From my spot at the left arm of our couch, I text my oldest daughter. She’s home on winter break after her first semester of college and has blissfully sunk into her spot— where the sectional connects and the cushions swallow her up, approximately four feet away from where I sit.
Want to go? I write below a link to a movie we both have seen already, both have seen together. Without looking at the other, without acknowledging that the phones in our hands are connecting us, she texts me back.
Yes!
We both burst out laughing and my husband, her father, who is sitting in his spot—a middle cushion next to a pile of laundry he’s folding—looks to me, then her, then back to me. “What?” he says. What has he been left out of? This secret joke makes us laugh even harder.
The coming week will be my daughter’s last days at home for a while and I want to enjoy it.
To enjoy her.
Us.
This.
//
I won’t blame the book. Or the person who gave it to me. So I will simply say that while I was joyfully and easily moving through my first pregnancy, I was also pained by becoming a mother without my own. Searching for guidance, for assurance, for direction, I was given a book—on how to get through my days with an infant—by someone I deeply trusted. By someone I’d reached out to for advice. This person offered it to me with glowing recommendations and I—ever wanting to please, to follow in the footsteps of people I love and respect, to be the good student and a future good mother—read, highlighted, and underlined the book cover to cover.
To say I ascribed to its thesis—to schedule one’s baby—was an understatement. I would be the embodiment of a clock.
//
Nadia and I walk into the dark theater, take our seats next to each other, and start to devour a large bucket of popcorn. From the opening, we begin to catch lines and notice props we didn’t see in our first viewing. We laugh at the same places, cry at the same places, our hearts soar by the end.
“Lunch?” I ask when it’s over. She shrugs, not wanting to impose.
“Only if you want to,” she says. I want to.
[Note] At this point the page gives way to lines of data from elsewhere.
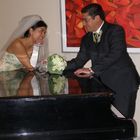 En el piano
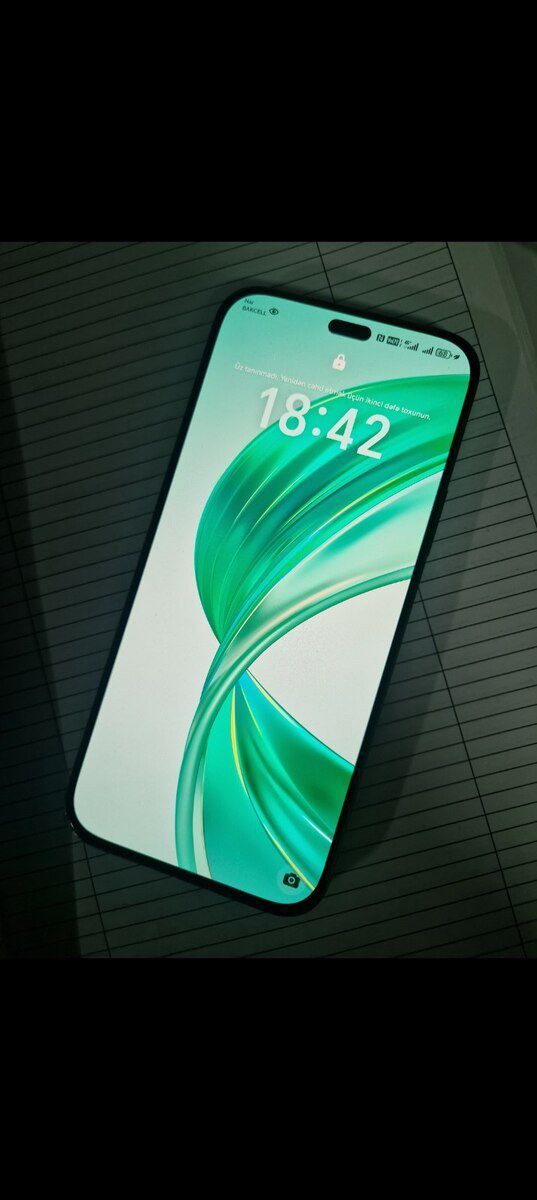 Honor X8b Glamorous Green 128GB/8GB — Smartfonlar, Mingəçevir (2)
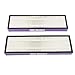 High Efficiency Particulate Air Filter Element, 2Pcs High Efficiency Particulate Air Filter Replacement for Guardian AC4850PT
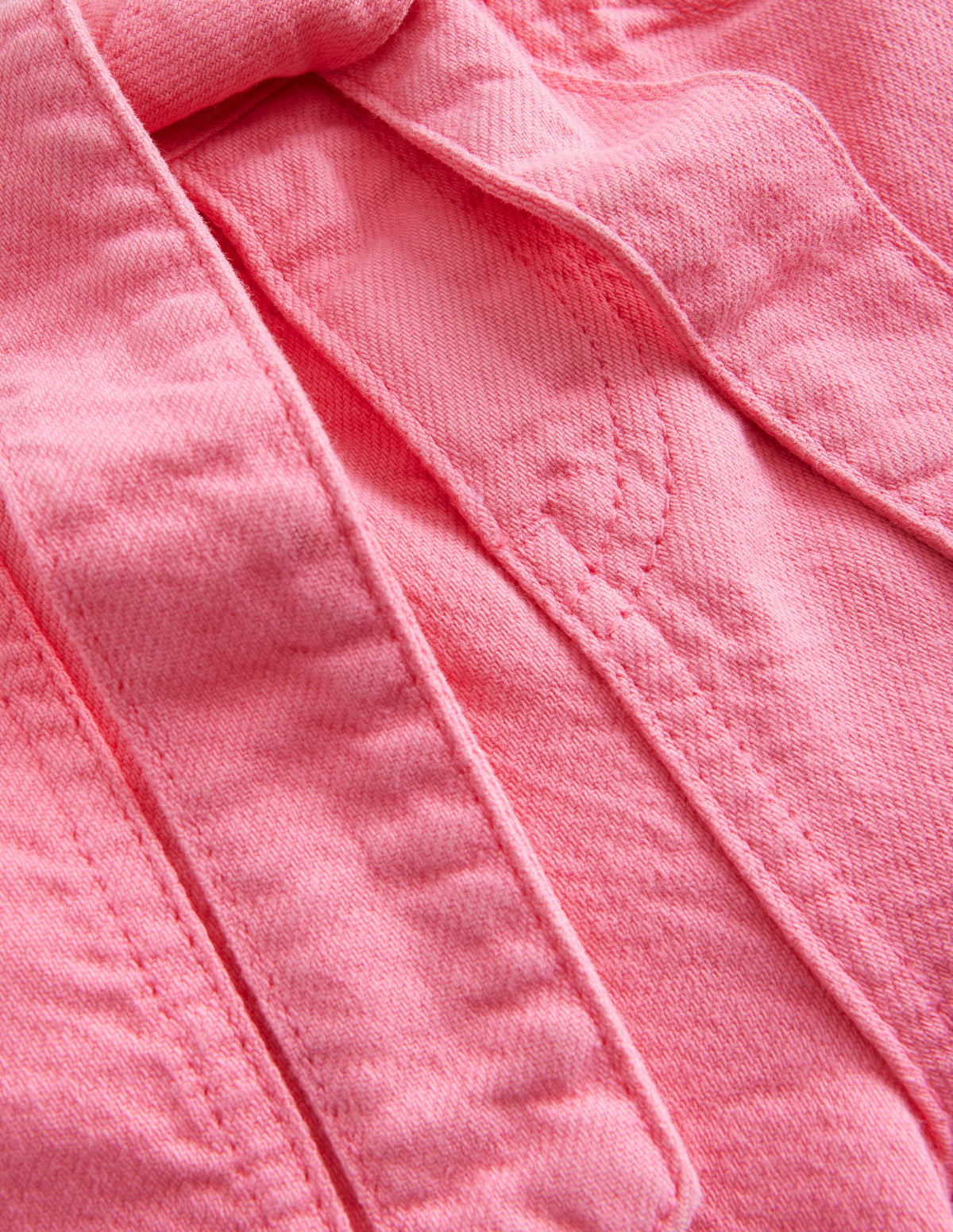 Pantalon cargo noué à la taille-Orchidée séduisante - Image 3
And? I want her to impose. I want her to know how much I enjoy having this time with her, with us together.
//
My daughter is a week old. My in-laws come to stay and help. My mother-in-law holds the baby. Maybe I had showered, maybe I had laid down? But the baby is now asleep in her arms.
When I walk into the living room and realize this, I pick my sleeping child up and place her in the bassinet just five feet away.
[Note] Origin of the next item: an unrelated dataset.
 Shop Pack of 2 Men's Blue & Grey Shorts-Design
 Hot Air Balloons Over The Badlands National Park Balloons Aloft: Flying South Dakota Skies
A conversation then happens between us that sounds, in my memory, like my mother-in-law offering to continue holding her, and me saying that she needs to get used to going to sleep on her own. My mother-in-law then says, “You can’t spoil a baby” and then I say something about how the book I read says, or rather infers, that it’s possible you can.
And I didn’t want a spoiled baby. She can learn early that she doesn’t need to be held to go to sleep.
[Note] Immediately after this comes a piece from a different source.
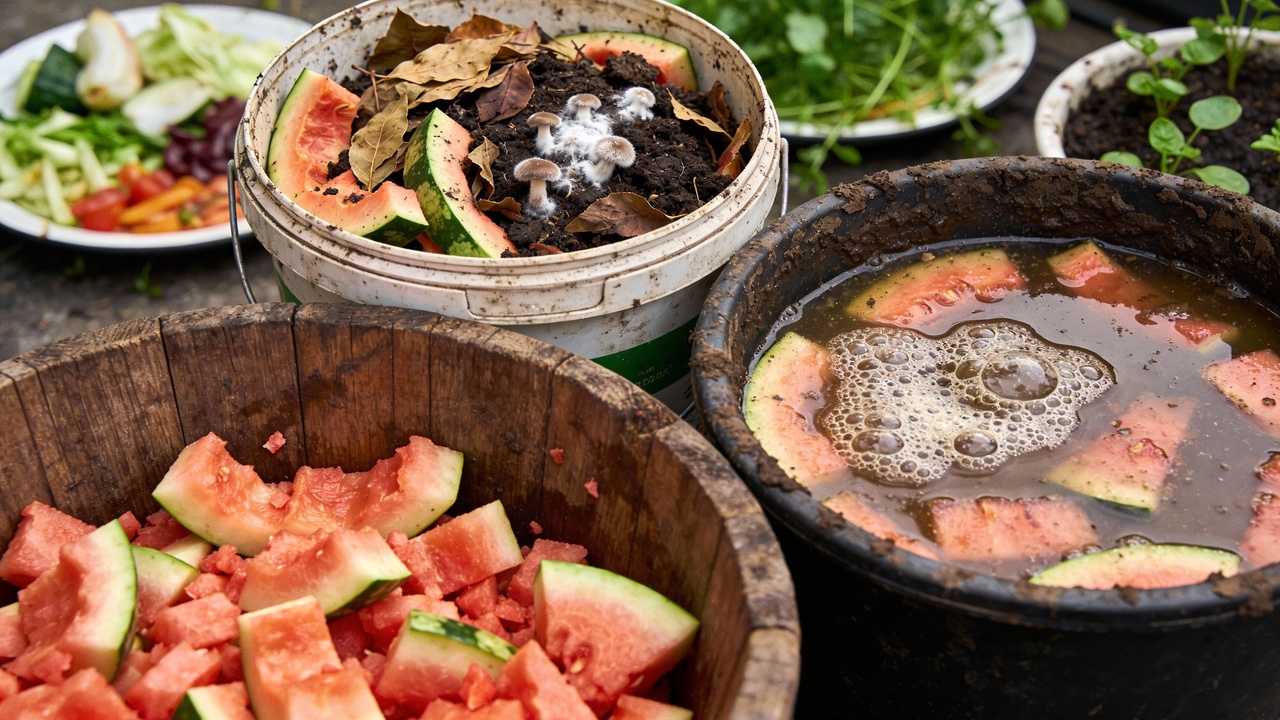 Sobrou melancia? Isso pode virar um adubo que hidrata e fortalece o solo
With compassion, my mother-in-law nodded, didn’t say a word, and walked away from her week-old granddaughter into the kitchen.
//
The day after our movie, we arrive at Costco twenty minutes after the doors open. “I like to be here as close to opening as I can,” I tell her, always squeezing in the kind of motherly advice I didn’t get. “Beat the rush,” I say and Nadia nods, not realizing that I had to figure out something even as simple as the best times to beat the crowds on my own.
We grab a cart and walk into the store. She’s come with me to restock snacks for her dorm room. “But no Goldfish,” she says.
“No?” I ask. She loves Goldfish, has practically survived on those faux orange cheese-bits for most of her life.
“I’ll eat a whole bag in one day—I can’t keep doing that,” she says with a seriousness I find endearing. I’ll ask her to grab a box anyway, so her brothers and sister can eat them at home.
We walk through the aisles one by one. She chooses a blue bag of beef sticks, a box of individually packed apple sauce cartons, and microwavable mac & cheese cups. We turn a corner and navigate around a small blonde toddler, “pushing” a cart. The little girl is flanked by her mother, who wears snow boots, leggings, and an oversized shirt. “Okay, a little more straight,” Mom says. “Now we’re going to turn. Good job,” she encourages, “That’s it.”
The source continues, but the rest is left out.